ASSIGNMENT
Retype nothing except the lines below from the one with "Load image into" through the one with "Lion Painting 92", exactly, with images left out.

SUPPLIED ENTRIES
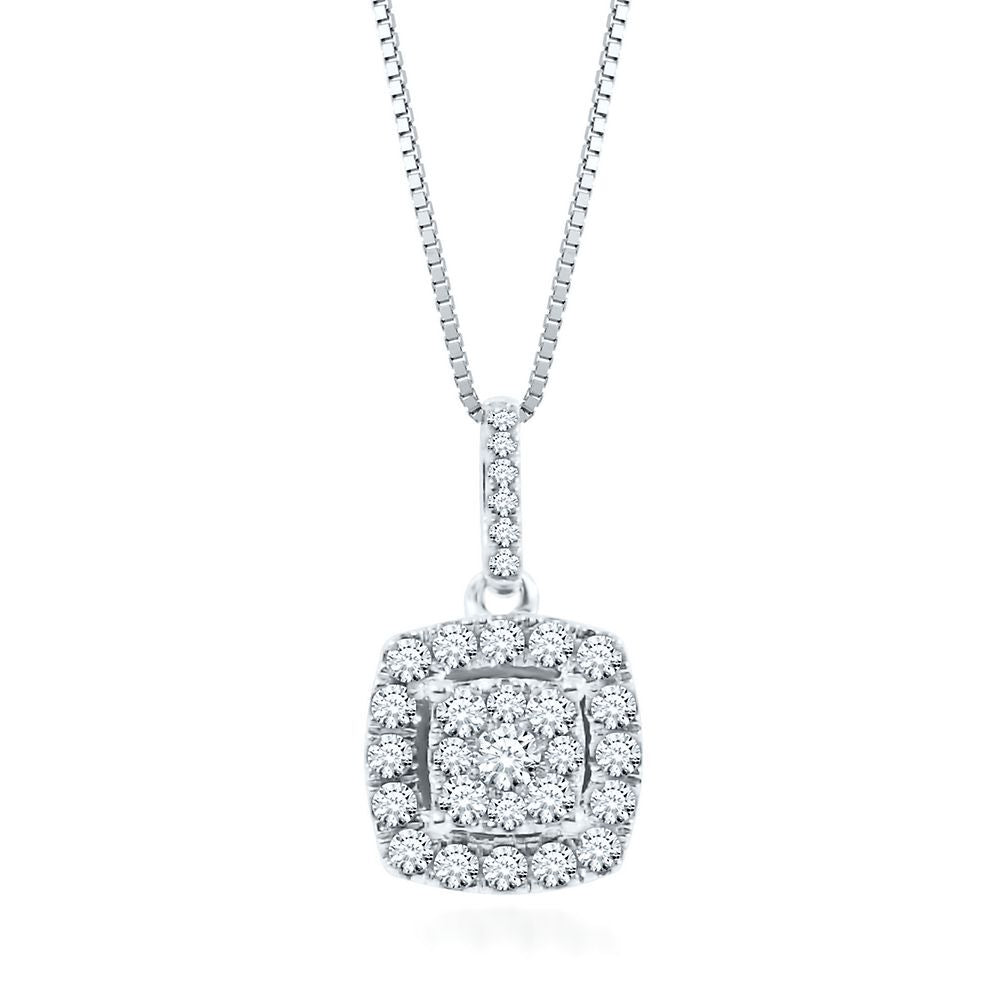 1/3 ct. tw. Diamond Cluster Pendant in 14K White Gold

* * *

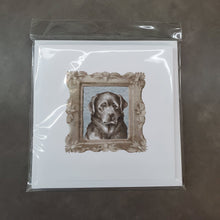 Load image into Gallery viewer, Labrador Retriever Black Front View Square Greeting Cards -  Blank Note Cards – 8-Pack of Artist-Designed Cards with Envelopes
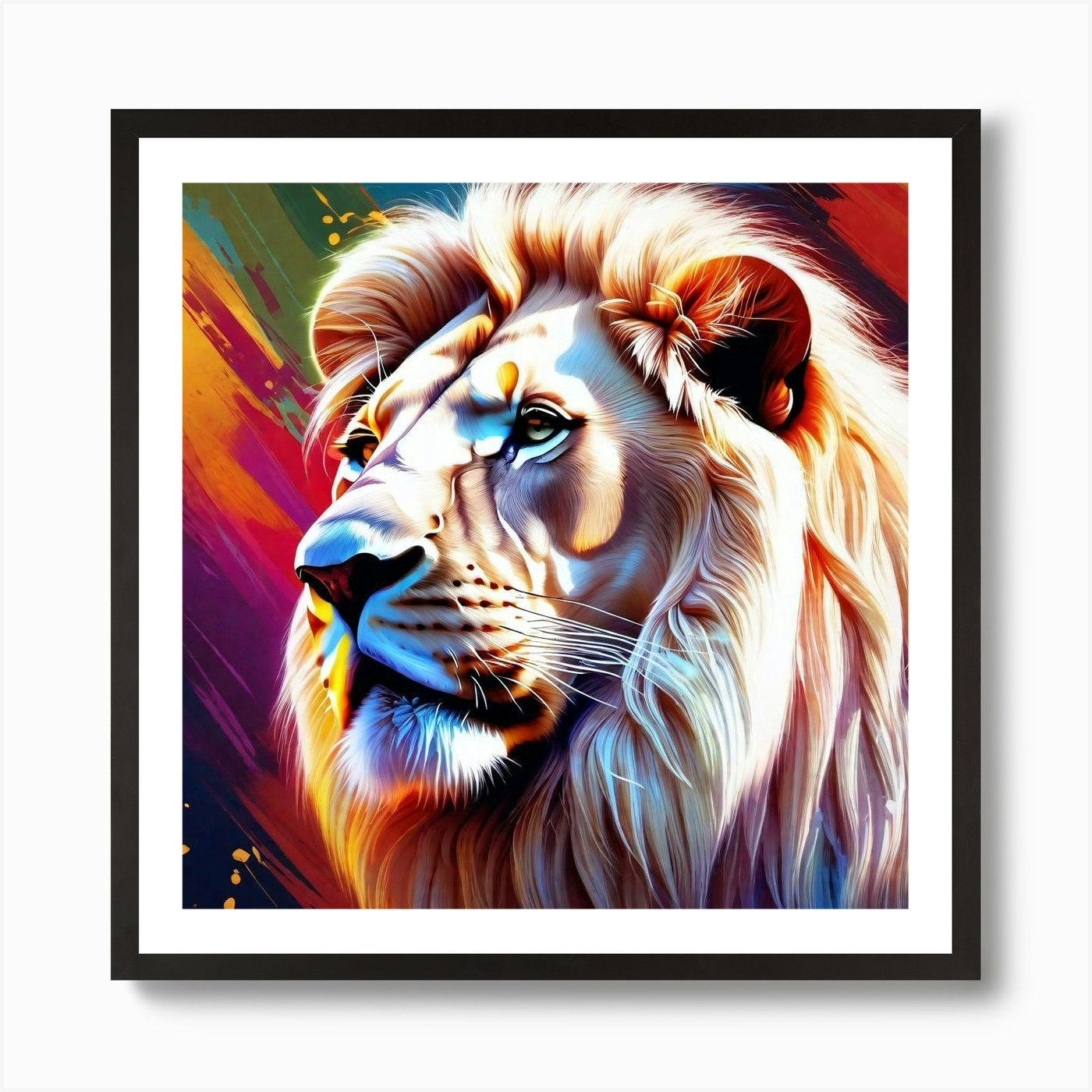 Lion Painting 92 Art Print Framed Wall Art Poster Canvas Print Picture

--

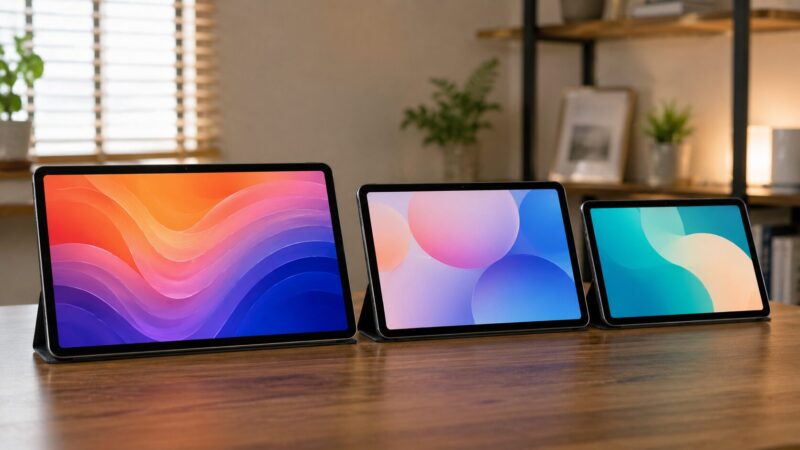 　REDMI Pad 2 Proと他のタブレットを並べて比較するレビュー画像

ANSWER TO THIS PROBLEM
 Load image into Gallery viewer, Labrador Retriever Black Front View Square Greeting Cards -  Blank Note Cards – 8-Pack of Artist-Designed Cards with Envelopes
 Lion Painting 92 Art Print Framed Wall Art Poster Canvas Print Picture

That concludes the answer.